Standard phrases that linger for a decade, first "perfect storm" and now "new normal"

Some may call them clich├ęs.  They certainly become so standard that they don't require thinking.  For the 2000's it was certainly "perfect storm".  The film "A Perfect Storm" hit the theaters in 2000.  As all probably know, it was the story of a commercial fishing boat rushing back to port with their catch through two strong weather fronts and, by darn, a hurricane too.  Once the movie was off the screens the phrase lived on, and every major disaster, every corporate earnings miss, every significant financial markets event, every personal meltdown, was just reflexively called a "perfect storm".  The term continues today as a throwaway comment, but is dated and not as ubiquitous as before.

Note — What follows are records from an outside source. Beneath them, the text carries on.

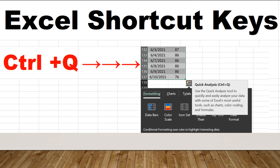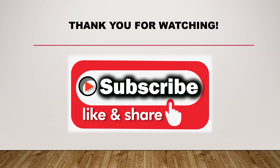It's very handy and efficient. Please give it a try — practice makes perfect. Thank you for watching.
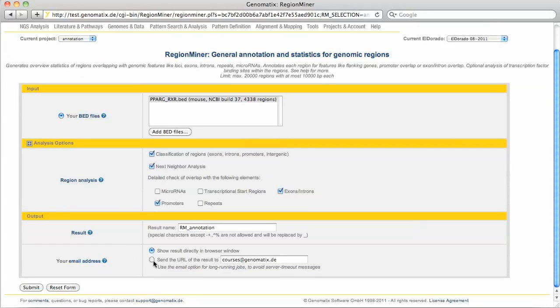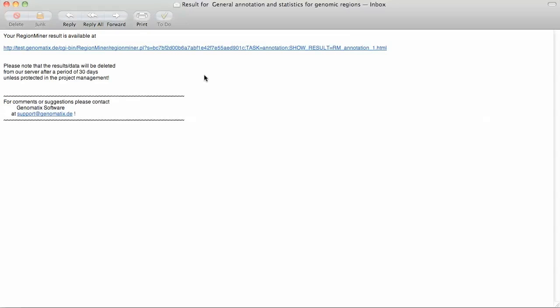This analysis will take some time so I'll let the system send me an email with a link to the result when it's ready. Now here's the link to my result.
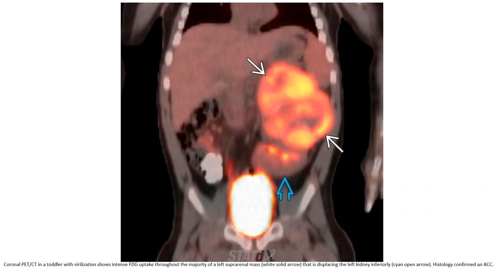FDG PET-CT in a toddler with virilization showing FDG uptake throughout the majority of the left suprarenal mass, which is displacing the left kidney.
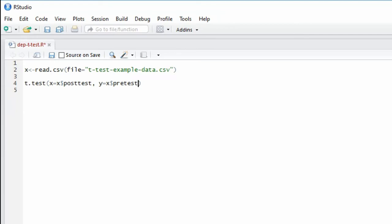By specifying that x equals the post-test and y equals the pre-test, we are doing post-test minus the pre-test. And that is the order of subtraction that we specified under the null and alternative hypothesis.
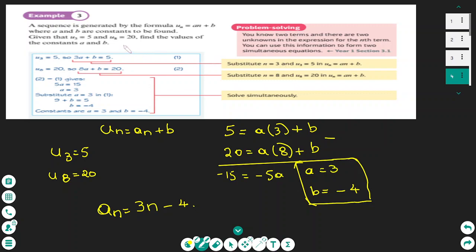Another type of question on arithmetic sequences gives you two specific terms and you don't know the rule. For example, the rule is of the form an plus b. Because you know the positions of those terms you can write two equations and solve them simultaneously to find a and b. Here the fifth term is 5 giving 3a plus b equals 5, and the eighth term is 20 giving 8a plus b equals 20. Solving this pair of equations gives the values of a and b.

The phrase for this decade is "new normal".  Coined in 2011 by those geniuses at Pimco, the new normal was meant to describe the period after 2008/2009 financial market collapse and the sluggish recovery that took place in 2010 and 2011.  Looking forward, Pimco suggested that lowered expectations were appropriate and what we see was what we get, the norm.  Five years into the decade, the International Monetary Fund released a major economic report about China commenting that the country was "transitioning to a new normal".  The nebulous phrase is now ingrained in our minds.

Some toned down lifestyles can be referred to jokingly as "new normal" and toned down corporate earnings outlooks can get that title as well in a serious way.  Whereas "perfect storm" was generally meant to describe a negative event that was to some extent or a large extent outside of the control of those affected, "new normal" means slower, safer, not as risky, but with limited chance for any positive break out of consequence. While experiencing a "perfect storm" was terrifying, living through the "new normal" is some cross between stultifying and boring, but, thank God, reliable.  It is not exciting but it is meant to be sustainable.  To some, to me, the term "new normal" is not all that reassuring.

Halfway through the decade we can wait to see if the "new normal" sticks around for another five years. I even sometimes hope so. There is no appetite another "perfect storm" where responsibility does not seem to exist.  We are rooting without much hope for a "new awakening" type of mindset, and hoping to avoid the phrase "unmitigated disaster".  

Still, let's don't forget about "old normal" or just normal.